Wuz biad enough hiere too. The people wuz scared iverywhiere. Most iverybody wore a bag with somethin’ in it ta pravent gettin’ it. Somethin’ laike moth balls thiey wuz thet wuz in thet bag. I wore one laike all the rest.

Everybody wuz adrekin’ whiskey too ta prevent it. I balave it helped tii, inywiay it did me.

Man Holding an “Old Parr” Whiskey Bottle, 1935. Library of Congress.

I wuz in Boston whin I felt it comin’ on me. I took a couple drenks an’ ya know I hardly felt ’em stall. Iny other tame an’ I’da bin afeelin’ good from the drenks I took, but this I didn’t feel atall.

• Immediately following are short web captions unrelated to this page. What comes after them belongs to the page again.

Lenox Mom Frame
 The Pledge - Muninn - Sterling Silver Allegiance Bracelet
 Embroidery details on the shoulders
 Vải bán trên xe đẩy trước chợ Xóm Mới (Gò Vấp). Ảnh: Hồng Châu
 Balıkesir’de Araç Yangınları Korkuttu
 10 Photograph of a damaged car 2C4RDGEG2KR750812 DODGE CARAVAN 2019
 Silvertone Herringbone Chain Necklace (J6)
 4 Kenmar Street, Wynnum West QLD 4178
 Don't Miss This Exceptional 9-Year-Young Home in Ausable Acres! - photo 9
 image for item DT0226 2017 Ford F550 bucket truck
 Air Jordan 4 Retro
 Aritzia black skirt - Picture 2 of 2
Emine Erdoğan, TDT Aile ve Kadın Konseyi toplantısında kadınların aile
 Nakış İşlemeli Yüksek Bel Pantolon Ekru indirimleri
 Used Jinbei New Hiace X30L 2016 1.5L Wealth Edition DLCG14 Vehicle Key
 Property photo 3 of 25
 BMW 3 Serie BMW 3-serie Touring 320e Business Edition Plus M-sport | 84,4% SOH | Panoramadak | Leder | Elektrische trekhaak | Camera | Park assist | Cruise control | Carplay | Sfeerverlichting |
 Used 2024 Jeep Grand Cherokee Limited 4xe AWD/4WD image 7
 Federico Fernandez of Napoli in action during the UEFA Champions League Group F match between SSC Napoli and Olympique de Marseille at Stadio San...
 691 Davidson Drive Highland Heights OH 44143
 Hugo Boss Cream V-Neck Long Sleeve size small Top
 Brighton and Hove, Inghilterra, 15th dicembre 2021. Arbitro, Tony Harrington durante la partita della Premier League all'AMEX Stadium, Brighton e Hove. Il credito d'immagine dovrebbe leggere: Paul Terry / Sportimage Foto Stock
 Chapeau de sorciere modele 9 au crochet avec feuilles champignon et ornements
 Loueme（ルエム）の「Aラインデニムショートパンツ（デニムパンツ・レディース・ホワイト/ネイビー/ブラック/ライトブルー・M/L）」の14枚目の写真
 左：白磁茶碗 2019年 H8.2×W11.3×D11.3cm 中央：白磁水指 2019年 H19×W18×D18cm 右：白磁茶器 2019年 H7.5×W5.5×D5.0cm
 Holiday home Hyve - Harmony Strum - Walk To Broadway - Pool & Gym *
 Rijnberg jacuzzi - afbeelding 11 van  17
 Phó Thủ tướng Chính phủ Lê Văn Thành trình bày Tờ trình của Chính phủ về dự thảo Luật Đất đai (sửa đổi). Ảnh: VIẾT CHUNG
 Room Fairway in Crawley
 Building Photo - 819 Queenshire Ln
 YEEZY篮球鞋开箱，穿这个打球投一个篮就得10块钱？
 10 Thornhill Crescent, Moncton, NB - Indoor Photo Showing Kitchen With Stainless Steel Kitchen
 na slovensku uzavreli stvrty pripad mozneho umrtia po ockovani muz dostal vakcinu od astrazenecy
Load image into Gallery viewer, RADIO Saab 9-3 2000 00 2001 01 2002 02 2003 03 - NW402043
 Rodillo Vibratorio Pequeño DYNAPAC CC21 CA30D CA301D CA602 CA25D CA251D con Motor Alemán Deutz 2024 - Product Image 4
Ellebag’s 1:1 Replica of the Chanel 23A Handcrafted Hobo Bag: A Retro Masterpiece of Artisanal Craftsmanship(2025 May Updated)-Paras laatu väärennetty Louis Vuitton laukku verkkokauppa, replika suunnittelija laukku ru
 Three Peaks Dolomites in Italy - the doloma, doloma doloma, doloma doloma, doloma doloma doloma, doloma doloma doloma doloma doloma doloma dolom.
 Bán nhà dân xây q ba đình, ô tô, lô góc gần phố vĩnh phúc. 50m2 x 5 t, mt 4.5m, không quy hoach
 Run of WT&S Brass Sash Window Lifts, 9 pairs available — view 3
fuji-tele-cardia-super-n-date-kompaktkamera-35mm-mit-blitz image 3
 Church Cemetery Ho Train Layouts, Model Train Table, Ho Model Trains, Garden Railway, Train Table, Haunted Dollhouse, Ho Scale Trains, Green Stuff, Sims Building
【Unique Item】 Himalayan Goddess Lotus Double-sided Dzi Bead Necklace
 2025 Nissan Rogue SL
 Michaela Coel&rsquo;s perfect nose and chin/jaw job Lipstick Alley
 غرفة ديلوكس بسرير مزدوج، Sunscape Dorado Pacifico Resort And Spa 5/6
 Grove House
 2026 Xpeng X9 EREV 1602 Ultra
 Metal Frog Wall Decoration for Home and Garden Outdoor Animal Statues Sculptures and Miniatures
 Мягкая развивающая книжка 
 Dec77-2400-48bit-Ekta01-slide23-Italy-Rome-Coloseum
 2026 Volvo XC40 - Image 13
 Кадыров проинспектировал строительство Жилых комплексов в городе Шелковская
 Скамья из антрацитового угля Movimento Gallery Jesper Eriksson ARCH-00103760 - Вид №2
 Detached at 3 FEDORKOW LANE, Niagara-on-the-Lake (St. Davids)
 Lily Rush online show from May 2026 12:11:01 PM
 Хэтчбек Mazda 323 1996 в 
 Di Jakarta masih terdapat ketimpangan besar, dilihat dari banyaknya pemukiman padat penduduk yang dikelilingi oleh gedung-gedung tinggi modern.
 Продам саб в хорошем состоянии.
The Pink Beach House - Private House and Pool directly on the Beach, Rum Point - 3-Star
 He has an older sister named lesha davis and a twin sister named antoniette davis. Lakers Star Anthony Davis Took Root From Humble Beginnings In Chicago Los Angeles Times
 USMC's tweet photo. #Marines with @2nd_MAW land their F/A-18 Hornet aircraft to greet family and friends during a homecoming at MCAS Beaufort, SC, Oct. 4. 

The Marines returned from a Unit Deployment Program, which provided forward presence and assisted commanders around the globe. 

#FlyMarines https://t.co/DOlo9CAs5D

Whin I got ta Lynn, I took a couple more, an’ thin I din’t feel neither. Just laike I niver heda one. Whin I get home, I said to ma wife, ‘I got the flu an’ whin I get in bed, I went ya ta give ma some more a this whiskey ta drenk

An’ did I sweat? I hed ta keep changin’ ma nightclothes two, three times. But ya know, it done the trick all raight. I wuz a lot better in the mornin’.

I hed ta kape awiay from the shop fir about a month. But I din’t daiy laike a lotta others did. I thenk it wuz thet whiskey thet siaved me.

Lynn shoemakers, c. 1895. Library of Congress.

Whin I wint back ta wirk, thiere wuz only about four min in the rank win there shoulda bin aroun’ fifteen. Thiey wuz all sick with the flu. Thim thet wuz thiere looked at me whin I come in an’ said, ‘You’re as pale as a ghost.'”

In the old daiys thiere wuz an awful lotta consumption in the shops. Thin, the doctors said they disease run in families. An’ I balave it does. Inywiays thin, thiey din’t do nothin’ about it, fir thiere wuzn’t the hospitals an’ the laike ta tiake care a this. So most of thim fellas thet had it, jest kept raight on wirkin’ jest as long as they could. Miny’s the one ‘ould spit up blood sometimes, but thiey kept on wirkin’.

I knowned one fella that wirked at the bench with ma, thet had it an’ hed it biad. But he din’t piay no special attintion ta it. He quz always cheerful. Well, one diay he hed a hemorrhage raight thiere bafore us. Thiey took him home an’ the next diay he daied.

Yes, thiere wuz a lot laike thet. A body thet din’t have it, din’t thenk thiere wuz iny hope atall fir inybody thet hed the consumption. But the one thet hed it wuz alwiays cheerful an’ ‘ould try ta miake himself balave he din’t have it atall.

Thet’s the wiay with this. But I balave it runs in families. Don’t you?

Shoe factories in Lynn, MA, c. 1895. Library of Congress.